Imitation is the highest form of flattery and Arcangelo Corelli had this in spades. Although not reponsible for creating the concerto grosso form, Corelli wrote the first great music for it and popularized it.
Concerti Grossi of Corelli and Friends
April 17, 2010
at Boston University
$25 General Admission
Concerto Grosso Op. 6, No. 10 in D minor
Concerti Armonici No. 3 in A major
Concerto Grosso Op. 6, No. 1 in D major
Concerto a quattro Op. 1 , No. 2 in C minor
Consider much of the visual art produced in the historical period known today as the Baroque, and it is clear that, even in the most dramatic scenes, a sense of balance and proportion pervades the works of the masters. The careful positioning of physical forms, and the measured use of light and shade (chairoscuro), both give order to what might otherwise devolve into chaos on canvas, and enhance the drama by balancing opposing forms and implied motions.
As with so many aesthetic movements in Western art, musicians found a way to express equivalent principles of variety and balance in sound, of which the concerto grosso, one of the major instrumental genres of the Baroque period, is a prime, if not the prime, example. The musical "palette" is provided by two groups of performers: the concertinists, a small group (often two violins and cello, though other combinations are to be found) and the contertinists together with ripienists, a larger ensemble with multiple players per part. Within the genre, these two blocks of instruments are combined in a dazzling variety of ways; the result is a genre existing somewhere between the solo concerto and an orchestra proper, or perhaps "chamber music with accompaniment," thought the accompaniment hardly plays a secondary role. No matter what the label, the concerto grosso offers a structural vehicle through which inventive composers of the Baroque could construct paintings in sound of particular contrast and drama.
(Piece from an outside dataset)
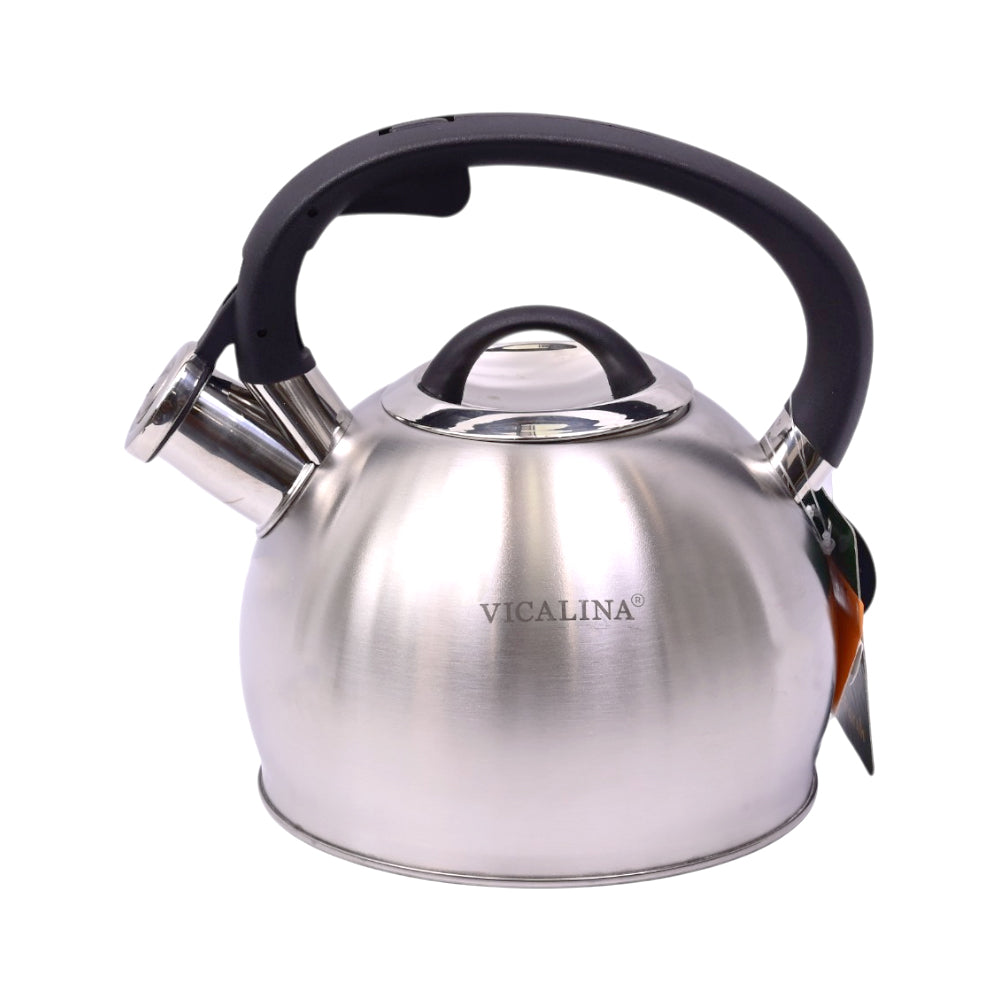 WHISTLING KETTEL VICALINA 2.0 LTR IR VL 106 Default Title - MamasJan Crockery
Arcangelo Corelli, unlike practically all his predecessors in the tradition of Western classical music, achieved his fame as a composer solely through instrumental works. While not credited with inventing the genre, Corelli was surely the most significant early practitioner of the concerto grosso. His output was small by most standards, but what was published, and especially his Opus 6 collection of concerti grossi (of which we will perform no. 1 tonight) secured his place in the panoply of revered composers of the Baroque. His influence is evident in generations of composers that followed, most notably Vivaldi and J.S. Bach, and even later in the "Neoclassical" experiments in the twentieth century. Tonight we choose just three notable followers of Corelli's example, namely Handel, Locatelli, and van Wassenaer.
The works by the three "imitators" on tonight's program reveal the plasticity of the concerto grosso genre. Lest we think, for example, that the concerto grosso composers adhered strictly to Italianate melodies or even formal designs, one only has to hear the French overture of Handel's contribution. His contrapuntal writing might not even be out of place in an English oratorio.
Locatelli is the only composer who had extended direct contact with Corelli as his pupil. Like Corelli he was also a violin virtuoso, and it seems he recognized the virtue of his teacher's compositional innovations, as evidenced by his own concerti grossi, published when Locatelli was just in his mid-twenties.
Until recent scholarship proved otherwise, the collection of six Concerti Armonici by Count Unico Willem van Wassenaer, a Dutch nobleman, was long thought to be the work of Pergolesi. Van Wassenaer never intended to be known as the composer of these works; the nobility, after all, were not suppoed to be too talented in the skills of craftsmen such as musicians. The most striking feature of the concerto tonight is its seven-part texture, on full display in the lush sonorities of the opening movement, and used to great effect as "voices" join and diverge in the contrapuntal passages later on.